(Data for review Opens)

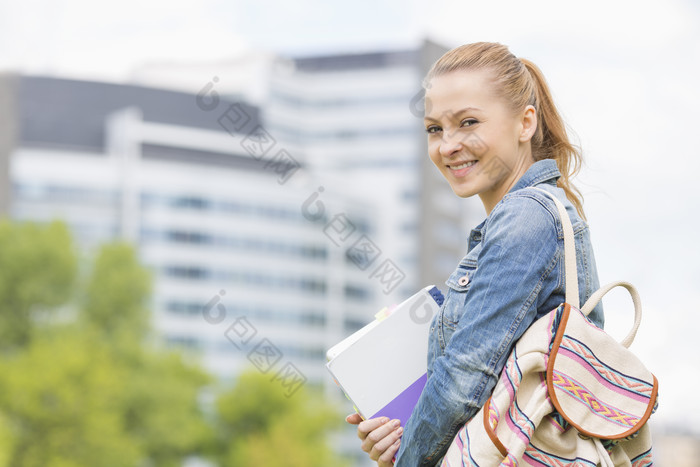 简约风一个女学生摄影图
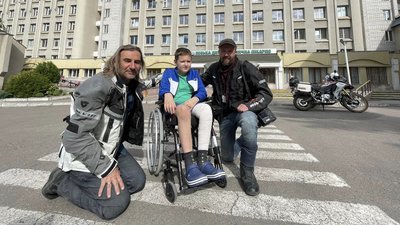 Британські мотомандрівники пожертвують гроші Львівській Лікарні Британські мотомандрівники пожертвують гроші Львівській Лікарні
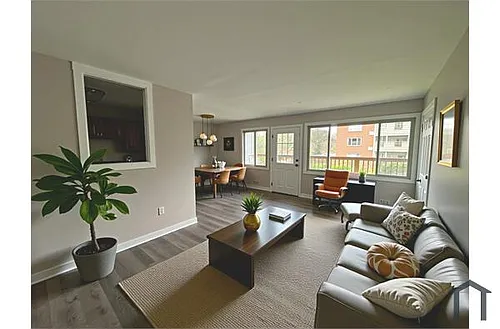 2811 Virginia Ave Photo 1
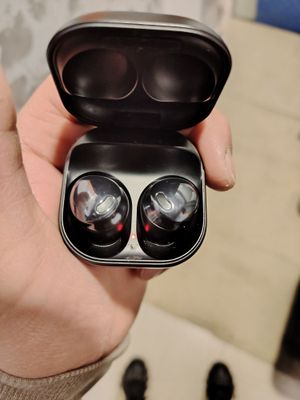 Samsung Galaxy Buds Pro 450 000 so'm kelishtiraman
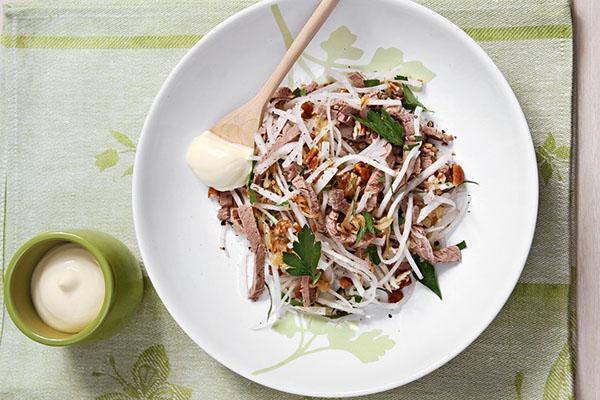 ensalada de daikon y ternera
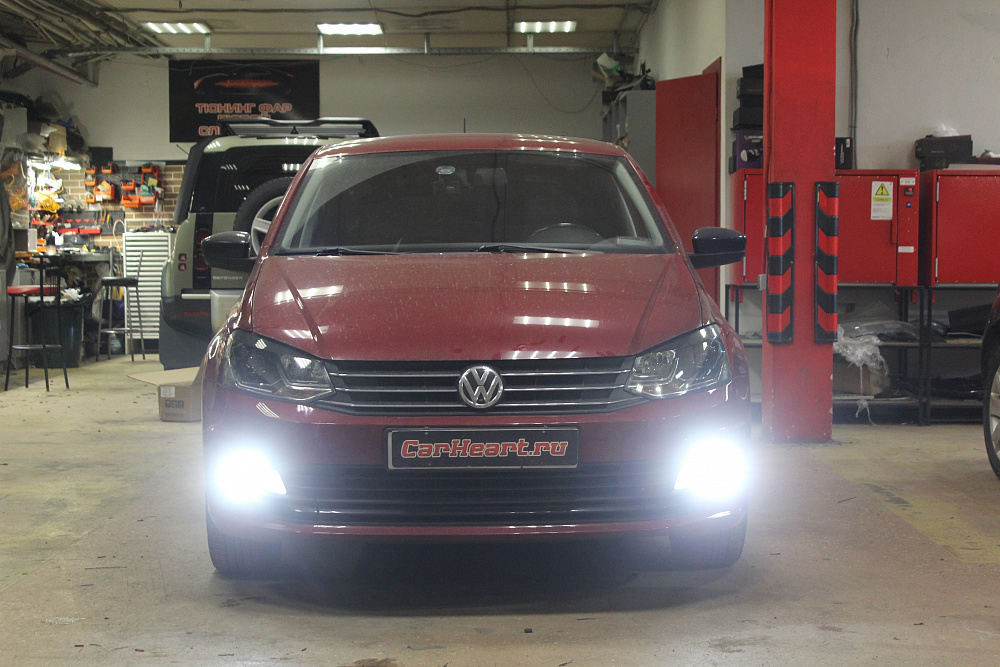 Volkswagen Polo -  Установка диодных линз в штатный отражатель, восстановление прозрачности стекол, замена ламп противотуманных фар на диодные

(Data for review Closes)

Activity — Starting at the line that contains "Samsung Galaxy Buds", return every line through the end of the records above exactly as written, and return no pictures.

Answer section —
 Samsung Galaxy Buds Pro 450 000 so'm kelishtiraman
 ensalada de daikon y ternera
 Volkswagen Polo -  Установка диодных линз в штатный отражатель, восстановление прозрачности стекол, замена ламп противотуманных фар на диодные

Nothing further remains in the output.